Archive for November 28, 2014
Time spent is about expertise developed: Programmer productivity is an education problem
Joel Spolsky argues that the time spent on an assignment by students is not correlated with the results. This is part of his argument that there is a 5x to 10x productivity gap between the best and average programmers.
There’s just nothing to see here, and that’s the point. The quality of the work and the amount of time spent are simply uncorrelated. I asked Professor Eisenstat about this, and he pointed out one more thing: because assignments are due at a fixed time usually midnight and the penalties for being late are significant, a lot of students stop before the project is done. In other words, the maximum time spent on these assignments is as low as it is partially because there just aren’t enough hours between the time the assignment is handed out and the time it is due. If students had unlimited time to work on the projects which would correspond a little better to the working world, the spread could only be higher.

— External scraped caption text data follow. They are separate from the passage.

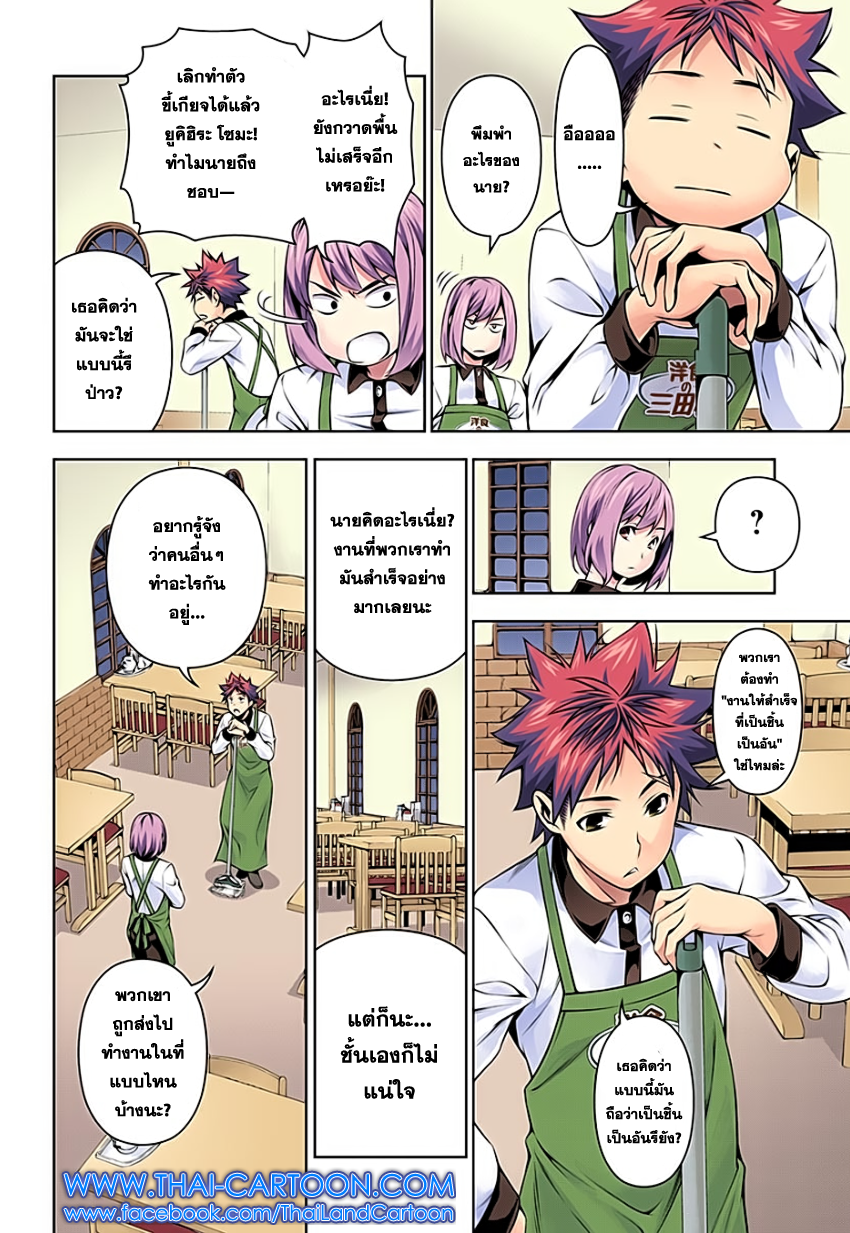 Shokugeki no Soma 107-หนทางในอุดมคติ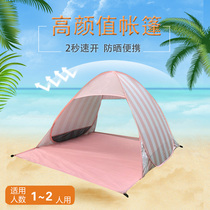 Quick open beach small tent automatic outdoor 2 people Park seaside sunscreen portable pink parent-child Tour picnic tent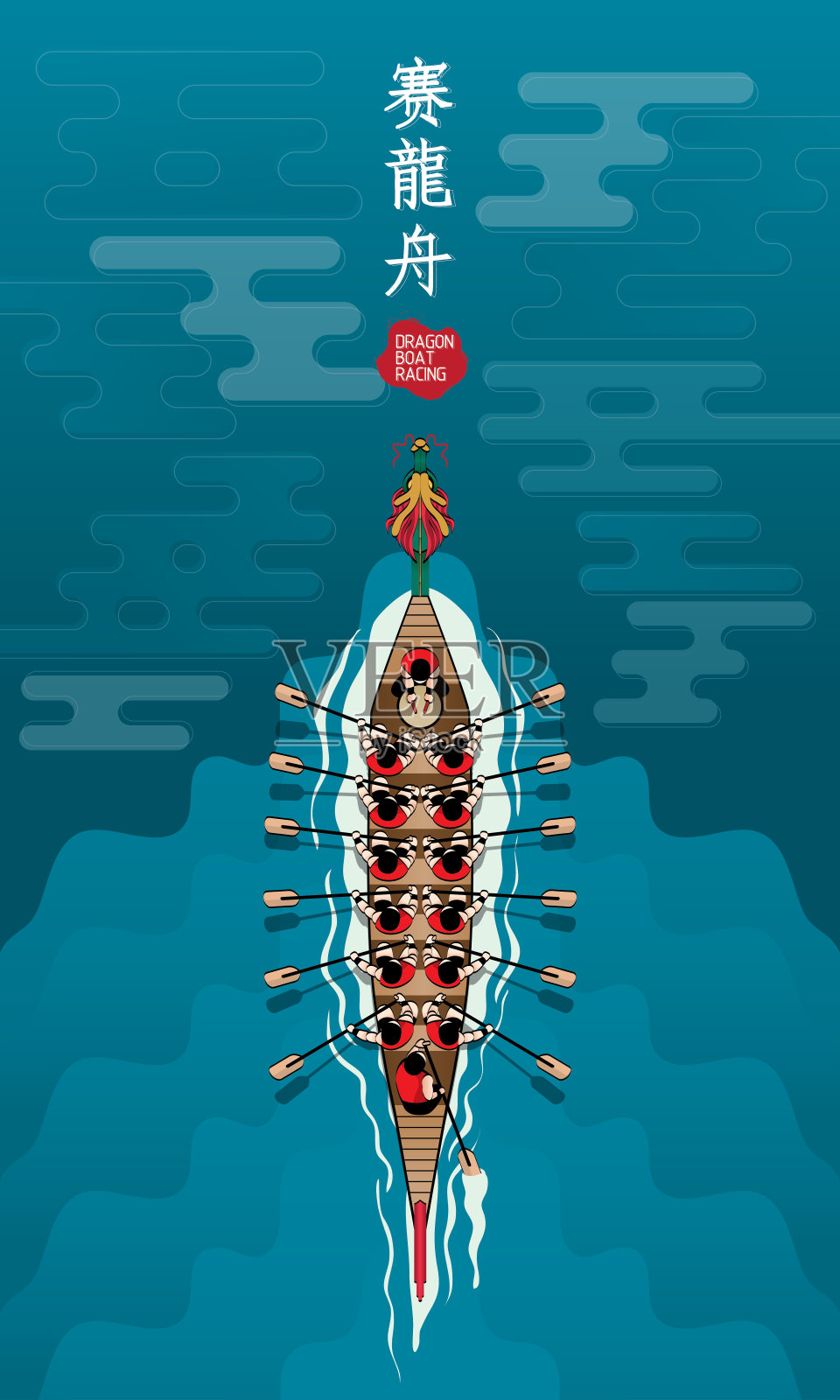 俯视图的一个矢量划船龙舟。插画图片素材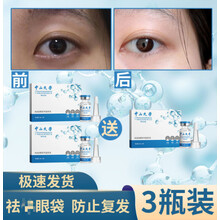 中山大学眼霜丰泪沟填充去泪沟眼袋眼窝凹陷饱满卧蚕修复黑眼圈眼霜 买2送1 共3瓶【效果看的见】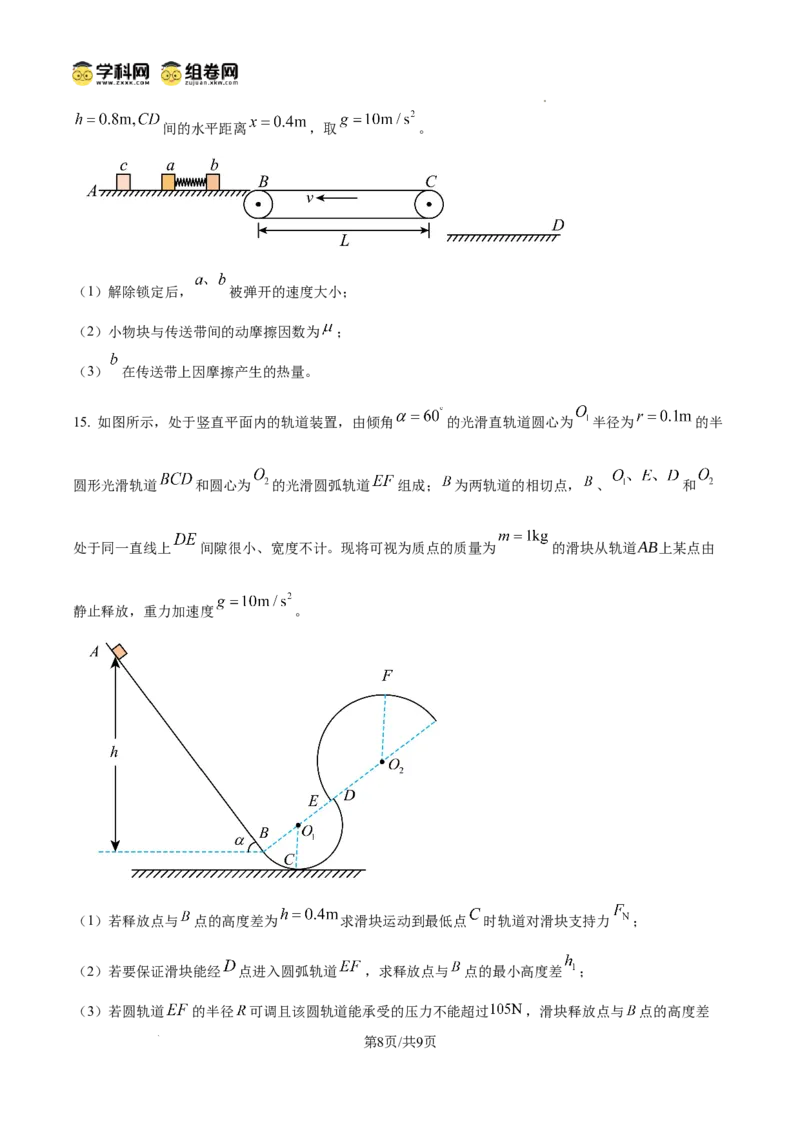 四川省南充市阆中东风学校2024-2025学年高三12月月考试题物理_A1502026各地模拟卷（超值！）_12月_241217四川省南充市阆中东风学校2024-2025学年高三12月月考试题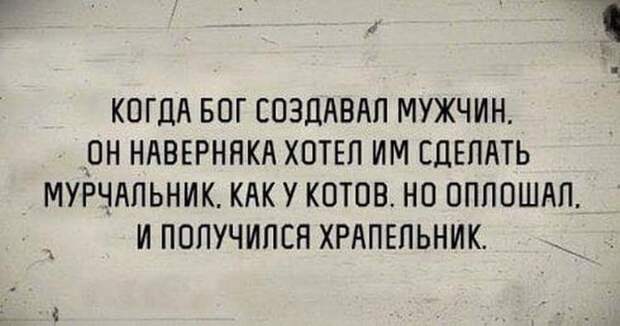Улетная подборка для заряда бодрости и радости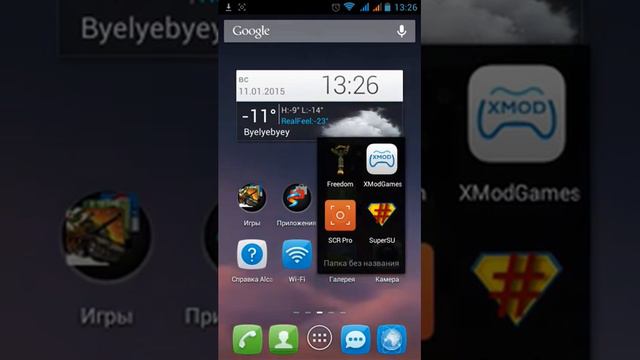 Установление рут прав.!! смотреть онлайн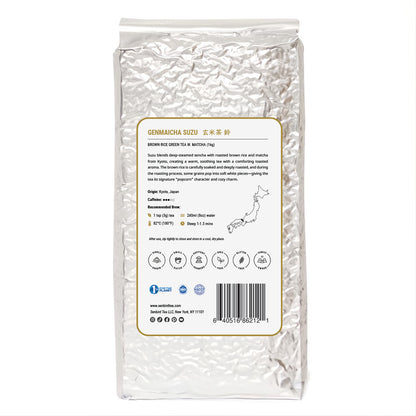 Genmai Matcha Suzu back label image for family size, bulk, and wholesale Japanese tea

I did my Blog@CACM post in November on this argument (see the post here). Joel is measuring the wrong thing in his experiment. Time spent doesn’t correlate with quality. Time on task correlates with learning. More knowledge correlates with greater quality, but you don’t know much about how much is already known by the students in the class that he’s studying. Therefore, you can’t possibly make an argument about productivity when the critical variable is unknown.
There may be a productivity gap between the best and average programmers. There’s a productivity gap between the best and average practitioners in any field. The issue is whether we can generate the performance at the top end. Can we make someone highly productive? It’s a design problem. It’s an education problem.